What the spec avoids doing is placing requirements on such support. There are many reasons that an implementation may not want to support other formats. JSON was designed to be simple and fast to parse (which, as I understand it, is why there are some weird corner cases like duplicate properties when parsing- leaving them undefined allows a faster implementation than requiring detecting the error and taking action on it).
For that matter, an Internet of Things implementation might not even load JSON, it might only load CBOR.
I understand JSON schema is not unique to JSON (despite the name), but since it's not specified how a parser should interpret a given $ref, each library will invent their own syntax for specifying content type. That seems non-ideal to me.
I stupidly didn't see contentMediaType before in the spec, but what if we check for that key and, if specified, assume that a given $ref is not JSON but is instead the specified media type?
contentMediaType is for media types encoded as JSON strings, so I don't think it helps here?
but since it's not specified how a parser should interpret a given $ref, each library will invent their own syntax for specifying content type. That seems non-ideal to me.
Per section 8.3.1, $ref values are identifiers, and do not say anything at all about how the identified schema is loaded.
If it is being loaded over a network, then the network protocol (probably HTTP or CoAP) should be used to understand and handle the available media type(s). There is no need for JSON Schema to say anything about that process- it is how the web works already. For something like file:// URIs, while it is less clear how to detect and manage media types, that problem is not at all specific to JSON Schema.
If it has been pre-loaded (which is a common approach, as it separates parsing concerns from referencing concerns), then presumably it was parsed into an in-memory representation already and exactly how that happens and what formats are supported is intentionally left to implementations. Different implementations serve different needs, and can balance flexibility vs performance/resource consumption.
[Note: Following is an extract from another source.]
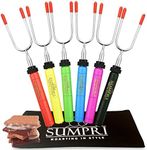 SUMPRI Marshmallow Roasting Sticks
The idea of treating $ref as an RFC 8288 web link and allowing target hints has come up at least once before (with OpenAPI), but in a somewhat different context. There is https://github.com/json-schema-org/json-schema-spec/issues/141, which gets into talking about the type of reference/pointer targets (initially just for JSON Pointer, but the discussion expanded along the way). That might be a place to look if you want to advocate for something like this in the spec. We shouldn't hijack @Julian's project for spec proposals :-)
Yes, in my case I'm dealing with only local file references, no network at all. I think having some way to specify a mime-type or similar would be useful... I frankly don't care if it's in the spec or not as long as it solves my problem :). It's perhaps hacky, but having an optional $mime-type key in parallel with $ref would solve the problem. You could then pair a parser to a mime type.
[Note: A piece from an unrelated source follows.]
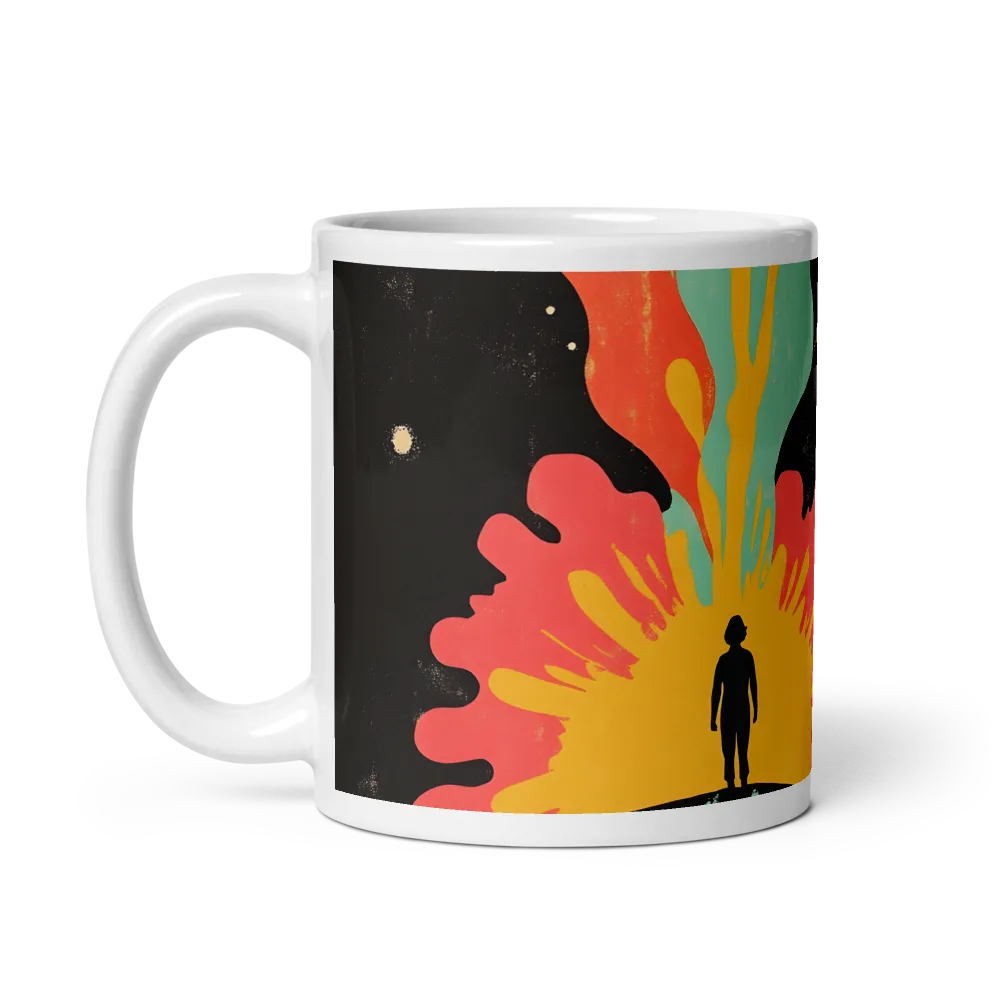 Awakening of the Imagination | Mug with White inside | 11 oz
A very much useful step forward would be to pass the referrer document to the handler. Right now nothing is happening with it (PyCharm shows no usage beyond it being stored on the object).
But if you resolve relative file references, as one does in for instance OpenAPI specifications, then you need a source document to translate relativity. Right now, I either need a pre-process step that resolves all the references to absolute file URLs or patch jsonschema. Triggered by this bug.